What I’m trying to say is: even though there is sadness behind my brown eyes in that second picture (and resilience in the others), as an actor, I want to work through my mental illness, try to strip back those layers and use the pure stigma that was blanketed over the years of the “you’re too _____.” I’ve heard it my whole life and allow myself to be seen because that’s what this show is about: being seen, saying, “mental illness is OK and it’s OK to admit and say ‘I am struggling.’”
To think I am able to explore some of the depths of my mental illness because I responded to an ad for a theatre company two years ago on backstage.com is mind-blowing. I never thought a magazine that used to sit on a table at my theatre schools and page through between classes had a website, let alone a website that would then allow me to apply and eventually get cast, giving me the opportunity to now, in 2019, return to my second season with this theatre company. It is beyond me.

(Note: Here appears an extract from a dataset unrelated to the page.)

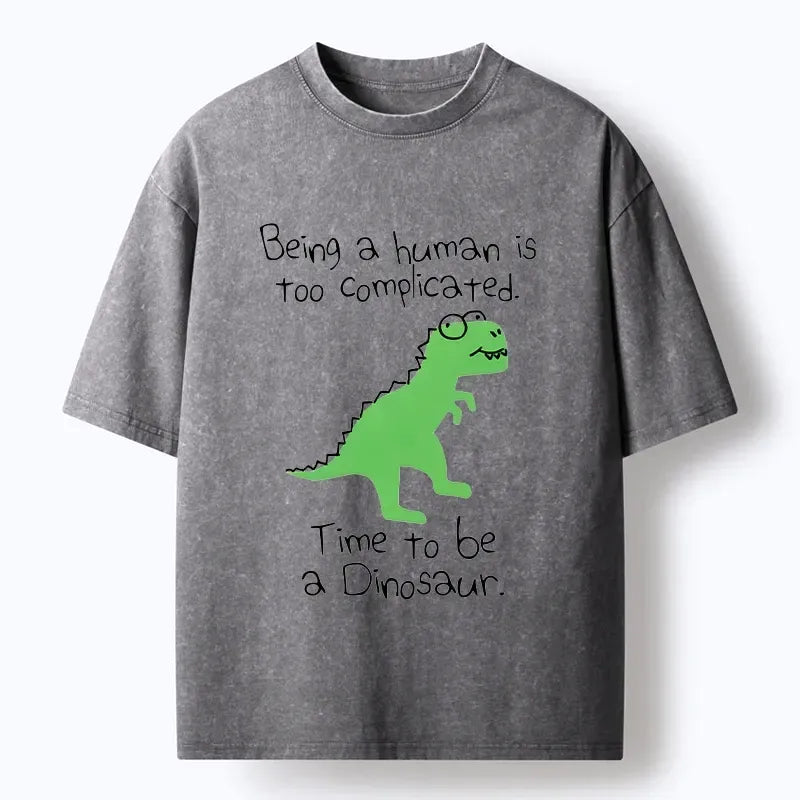 Japanese washed t-shirt for daily wear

Also, the fact that the writer of the show reached out to me specifically to play this part of Paulo, a young man who is a burn survivor and struggles with body image and disordered eating, is not a coincidence. The playwright fashioned the script around me and my struggles with weight because she had me in mind because she knows me personally. Some of my own thoughts and words from journaling were used as actual dialogue in the show in addition to the beautiful dialogue she wrote. Inevitably, she ended up molding the character around me, which made it a very raw experience. Although I am not a burn survivor, the feelings of identifying as a male and being shamed for having an eating disorder are part of my history, woven into my daily life.

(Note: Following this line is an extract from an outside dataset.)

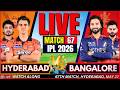 🔴IPL Live : RCB vs SRH, IPL 2026 Match 67 | Hyderabad vs Bengaluru | Live Cricket Match Today #ipl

The show is set in monologue format with direct address to the audience, so I am speaking to specific people each night and aiming my lines at audience members. The stage is also set on what is called a “traverse stage,” simply meaning the stage is in the middle and the audience is on both sides, kind of like a tennis court.
So, to think I was essentially laying myself bare to the whole 100-seat theatre and talking about my struggles with eating and body image nightly is daunting, even if it was under the guise of acting. To have aimed those hurtful lines where I would imitate the mocking that Paulo heard — “Guys don’t have eating disorders. Weak. Loser.” — and his outward plea of stating there is a body image movement going on for women, and acknowledges it’s great; he feels left out of the conversation and is begging to be heard and validated in his struggles. It is something I relate to and terrifying to “admit” on stage.
I grew so much from playing this part and now, months later, he still stays with me. The lessons I learned in that show have shaped me. The experience overall was taxing emotionally. Even though it was a short run, getting myself into the headspace to play him was a challenge each night and I always felt deflated when I stepped off stage because so much of me was woven into him. All the torment that came up in my own mental illness when approaching the part and working interpersonally with the director and other actors was draining.
It’s scary to be working through mental health problems, but I’m glad I’m being challenged in my work, and I’m glad I’ve been given the opportunity to do so.